В Новом Свете (Ефимов) - страница 215

Другой фронт войны американцев с одиночеством развернулся в бескрайних недрах Интернета. Блоги, фэйсбуки, эсэмэс оказались идеальным, ни к чему не обязывающим суррогатом общения. Межчеловеческие связи возникают и рвутся с лёгкостью утренней паутины, покрытой росой. Однако есть чувствительные души, пытающиеся превратить эти ниточки в серьёзные отношения. Таких, как правило, ждёт горькое разочарование. Растёт число покончивших с собой из-за «интернетных измен».

Раньше иллюзия общения цвела в пивной, баре, кабаке, кафе. Человек входил никем не званый, заговаривал с кем угодно, никто не мог его отвергнуть, все были обязаны принимать всех и каждого, никто никому ничем не был обязан, никто не был ни в чём виноват. «Почему у вас так громко играет музыка? — спросил я однажды у владельца бара в Новом Орлеане. — Невозможно разговаривать». Владелец был знакомым профессором и сказал с усмешкой: «Для того и играет так громко, чтобы не было нужды в разговорах».

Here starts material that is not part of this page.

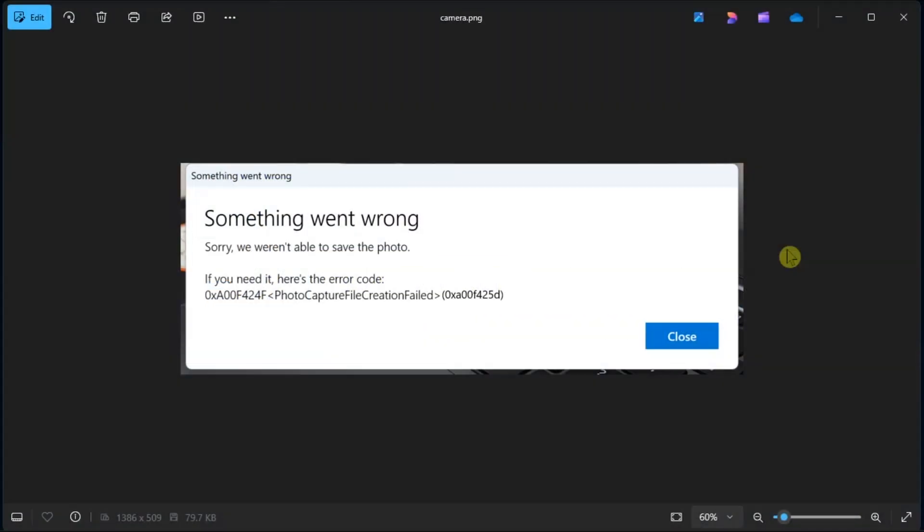This Windows error code is an issue users have reported that occurs when trying to use your camera or webcam with the camera app. So in this video, this is how to fix the error code if you need to resolve this issue.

Бар быв самым естественным местом пребывания для одиноких героев Хемингуэя, Керуака, Чивера, Сэлинджера. С горькой иронией Саймон и Гарфанкель пели о том, что «дружба не нужна, она причинит боль, поэтому следует быть одиноким, как скала». А как одиноки персонажи на полотнах Эдварда Хоппера и Эндрю Вайета, в фильмах Джима Джармуша и Роберта Альтмана, в стихах Томаса Элиота, Алена Гинзберга, Уистена Одена!

В веке XIX одиночеством мучились только богачи, живущие в просторных апартаментах или поместьях. Удел Онегина, Печорина, Алеко не грозил обитателям шахтёрских посёлков или доходных домов. Но после Второй мировой войны жилищные условия и благосостояние в Америке стали стремительно улучшаться. Мы приехали в страну, в которой у большинства людей уже не было необходимости тесниться в одном доме с родителями, с престарелыми родственниками, с подросшими детьми, с беспомощными инвалидами. Каждый ребёнок претендовал на отдельную комнату и часто запирался в ней наедине с проигрывателем или компьютером. Жизненное пространство быстро расширялось, и в него бесшумно заползали сонмы змей одиночества, которые умели жалить прямо в сердце.

И конечно — автомобиль!

Он открывал бескрайние поля свободы друг от друга. В десятках фильмов герой мчался с развевающимися волосами в машине или на мотоцикле — прочь от всех! — один, гордый, свободный. Даже когда Дастин Хоффман в фильме «Выпускник» летит на красненьком «фольксвагене», чтобы отвоевать свою возлюбленную у соперника, что-то говорит зрителю, что он не станет мирно растить с ней детишек и являться каждый день на службу в фирму, производящую пластмассу, а через год-другой снова умчится, влекомый неодолимым зовом новизны.